Second, to the extent the rulings were inconsistent, the trial court was not bound to adhere to its initial ruling when the Commonwealth repeated its motion at the end of the trial, seeking to exclude references to the mandatory minimum sentence during closing argument. “A trial court is empowered to change a legal determination as long as it retains jurisdiction over the proceedings before it.” Turner v. Sheldon D. Wexler, D.P.M., P.C., 244 Va. 124, 128, 418 S.E.2d 886, 888 (1992). This principle applies equally to rulings made before, during and after trial. See, e.g., Cloutier v.
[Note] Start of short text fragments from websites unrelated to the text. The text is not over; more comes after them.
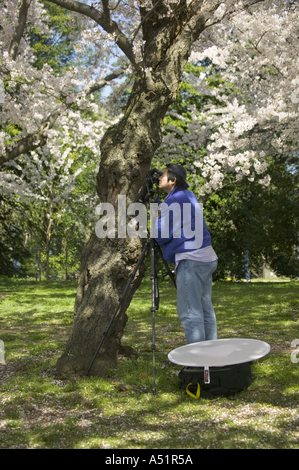 Mann, der während der jährlichen Kirschblütenfest in Washington DC USA Nahaufnahme Makroaufnahme der Kirschblüte Stockfoto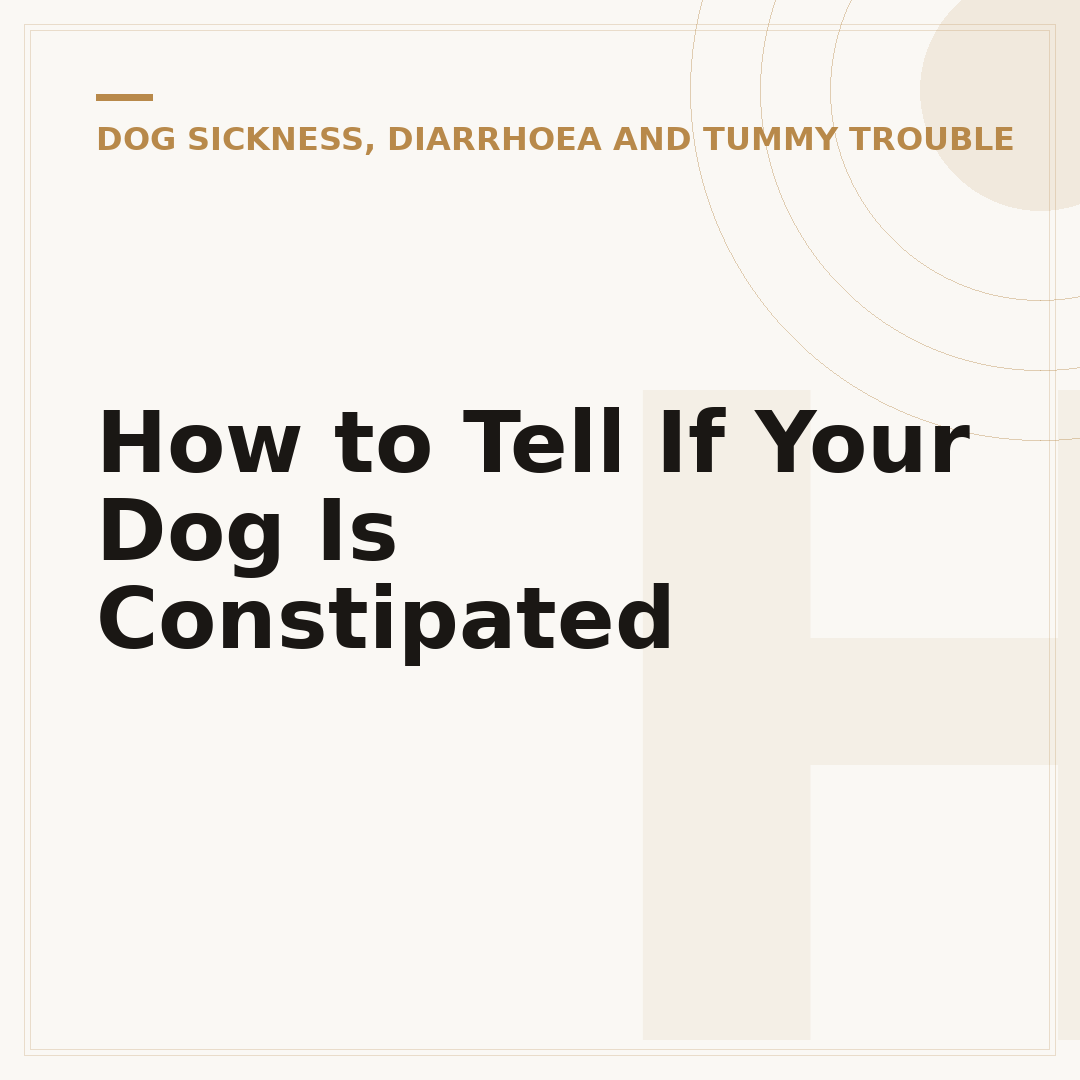 How to Tell If Your Dog Is Constipated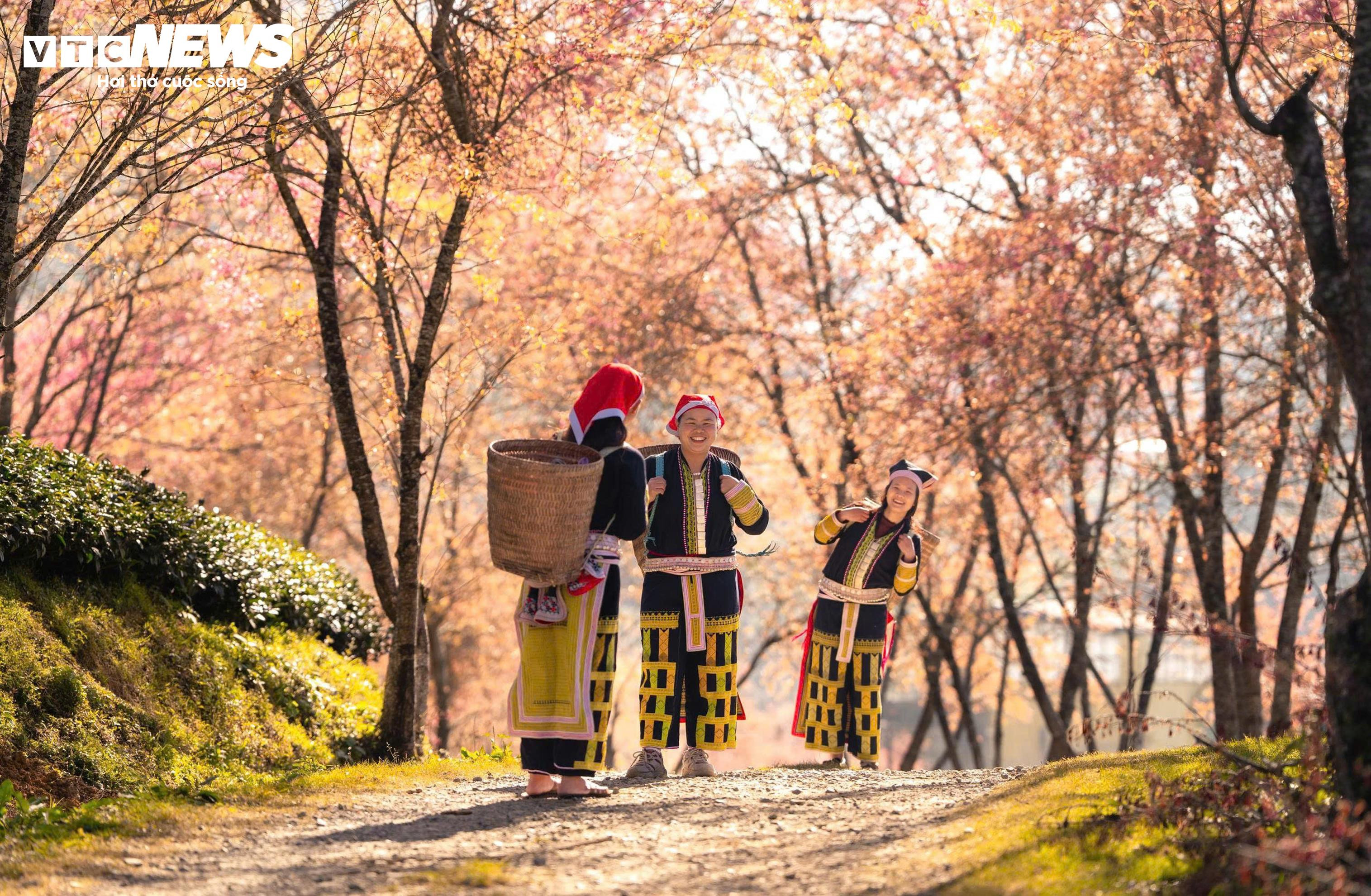 Ngắm đồi hoa mai anh đào nổi tiếng Sa Pa nở rộ mùa cuối, trước khi bị di dời - 13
Queen, 35 Va. App. 413, 420-21, 545 S.E.2d 574, 577-78 (2001); Bottoms v. Commonwealth, 22 Va. App. 378, 383-84, 470 S.E.2d 153, 156 (1996).

III.

Because argument regarding the mandatory minimum sentence to be imposed upon conviction for an offense is irrelevant in the guilt phase of a trial for that offense and serves only to encourage jury nullification of the legislatively imposed sentencing range, we hold a trial court does not abuse its discretion in refusing to permit such argument during the guilt phase. Further, because a trial court may change a ruling at any time while it retains jurisdiction over the proceedings in which the ruling was made, we hold the trial court did not abuse its discretion in refusing to permit such argument during the guilt phase in appellant’s trial. Thus, we affirm appellant’s conviction for possessing a firearm after having been convicted of a felony.

Affirmed.


FOOTNOTES:

[1] The Commonwealth contends the assignment of error is barred because the record on appeal “contains no proffer of the specific argument defense counsel intended to make.” We disagree. Appellant’s counsel made clear in her argument to the court that she wished to “mention” to the jury “the minimum mandatory” punishment, just as she already had done in her opening statement, so that “the jury [would] know the fact that [the charged crime carries] a minimum mandatory sentence.” Counsel stated “[she] would not be arguing” on that issue. To hold that counsel’s representations to the trial court did not constitute a sufficient proffer for purposes of appeal would elevate form over substance.

[2] This result is not inconsistent with our holding in Hill v. Commonwealth, 36 Va. App. 375, 550 S.E.2d 351 (2001), petition for appeal granted, No. 012316 (Va. Sup. Ct. Order of 3/6/02). In Hill, we concluded that, on voir dire, defense counsel properly may “inform the [jury] panel of the sentencing parameters” for the charged offense “[i]n order for counsel to properly explore whether the jury panel may be irrevocably biased toward one end or the other of the sentencing spectrum.” 36 Va. App. at 381, 550 S.E.2d at 354.